President Shoukri Joins Glendon in Celebrating Significant New Government Funding
Good news is best when it is shared. Accordingly, Glendon principal Kenneth McRoberts invited the entire Glendon community on Friday, February 29th to join in celebrating the great news: the Ontario government has committed $20 million to capital investment in the Glendon campus to enable the creation of a Centre of Excellence for French-Language and Bilingual Education.
Right: McRoberts thanks Glendon
The formal announcement was made at Glendon on Wednesday, February 27th with no fewer than 3 government ministers on hand, as well Sheila Embleton, York VP academic, former York president Lorna Marsden, and a host of Glendon professors, students and administrators (see the February 28th issue of Y File for the full report).
The Friday lunchtime celebration had all the hallmarks of the warm, close-knit community which is Glendon.

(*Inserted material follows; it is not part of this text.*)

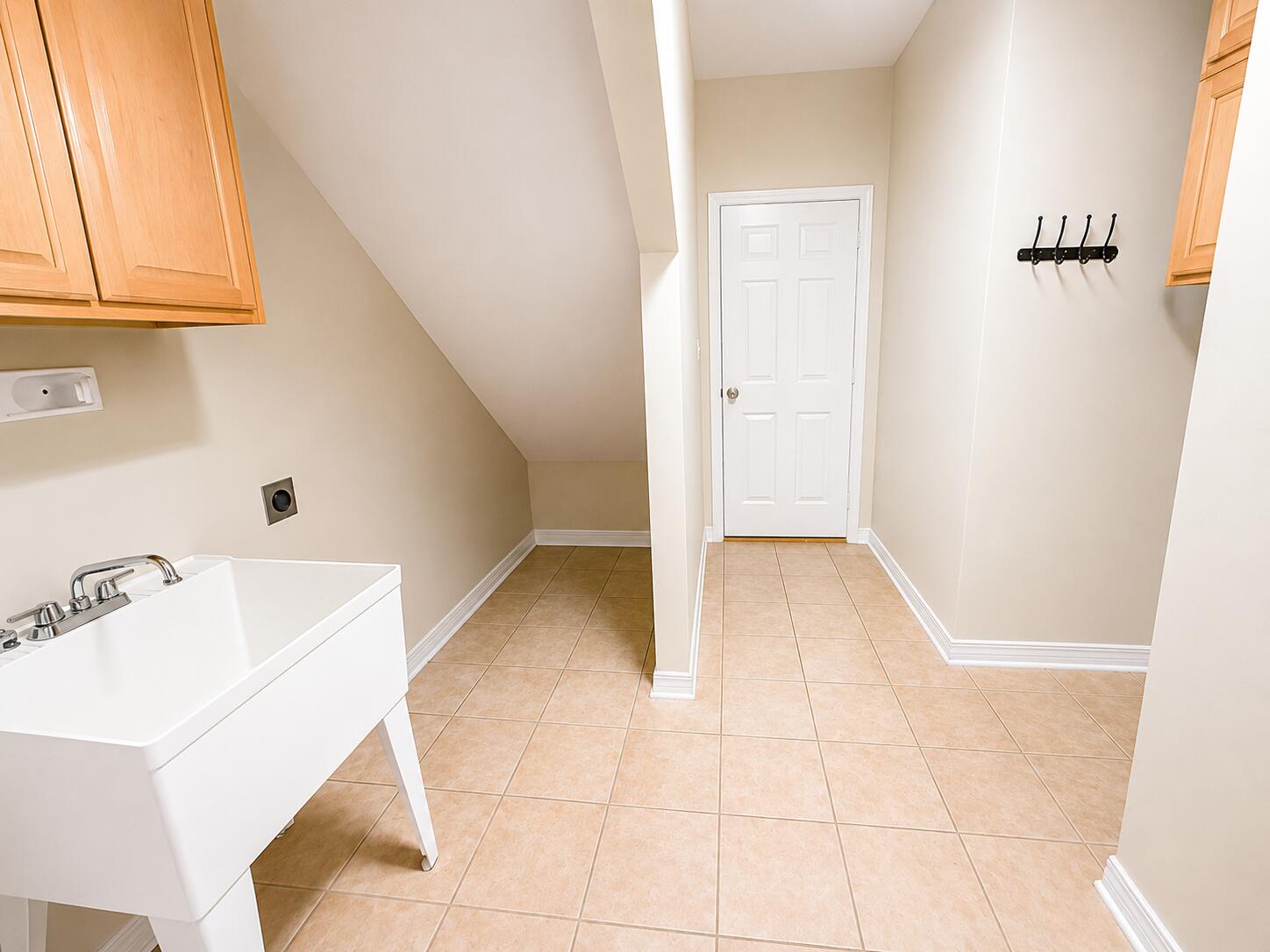NORTH RIDGE CREEK S/D 1ST ADDN - Residential Lease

Everyone gathered for dessert and coffee in the dining hall, festooned with balloons and flags, eager to hear details of just what this means for the campus and its members.
Everyone came to Friday's celebration
York president Mamdouh Shoukri, who was out of the country when the Wednesday announcement was made, joined principal McRoberts in addressing the community. “Glendon is an area of great strength and great potential”, said Shoukri, “the only bilingual campus in Southern Ontario. This implies significant responsibilities and poses the question of how [Glendon] can align itself with the future needs of our country.” Shoukri remarked on the tremendous pressure on the GTA for growth, with many candidates for bilingual education. In response, this campus must assure that the infrastructure, resources and faculty are available to provide a first-class education.

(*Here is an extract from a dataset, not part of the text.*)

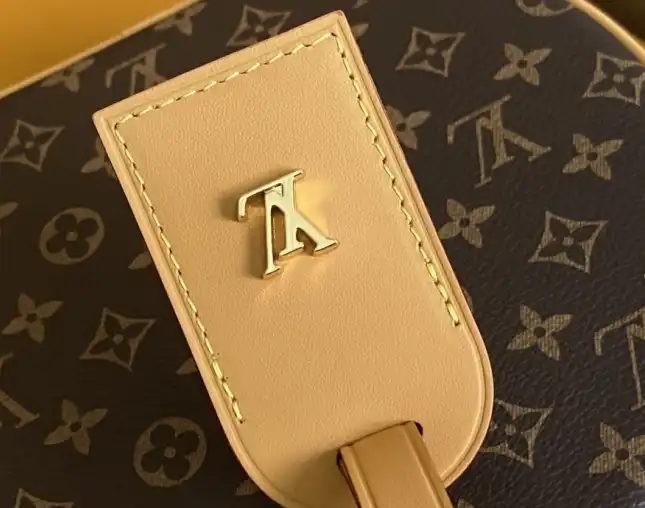 LV Round Bags 4206A-3307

Left: McRoberts and Shoukri discuss
“As a bilingual campus in a country with 2 official languages, Glendon is perfectly positioned for many exciting projects”, added Shoukri. “With these new funds, it could become the home of a national-level think tank and a centre for training the country’s leaders.” But the current infrastructure is clearly inadequate for these possibilities; it needs to be upgraded and expanded.
And this is where the new funds will make all the difference. They are targeted for the improvement and expansion of Glendon’s facilities, to respond to the plan of the new Centre for Excellence. Once the “bricks and mortar” part of the project is completed –- the new programs will also necessitate an increase to the faculty complement.
Right: President Shoukri praises Glendon
“Having a fully developed plan for the Centre of Excellence and the new School of Public Affairs was instrumental in obtaining these funds”, said Shoukri. “With these plans, we were able to convince the Ontario government to give us the funds.” Shoukri praised principal McRoberts and [then] president Lorna Marsden for being so well-prepared, and for the strength of their commitment to this project.
Speaking eloquently in French and English, principal McRoberts thanked every member of the Glendon community for doing their best. He commented that, just a few years ago, it would have been hard to imagine that this could happen at Glendon. “We have made such progress only because everybody has done their part, faculty and staff, to move Glendon forward. Now with Glendon confirmed in its mission by both the Ontario Government and York University, we can imagine even greater accomplishments to come.”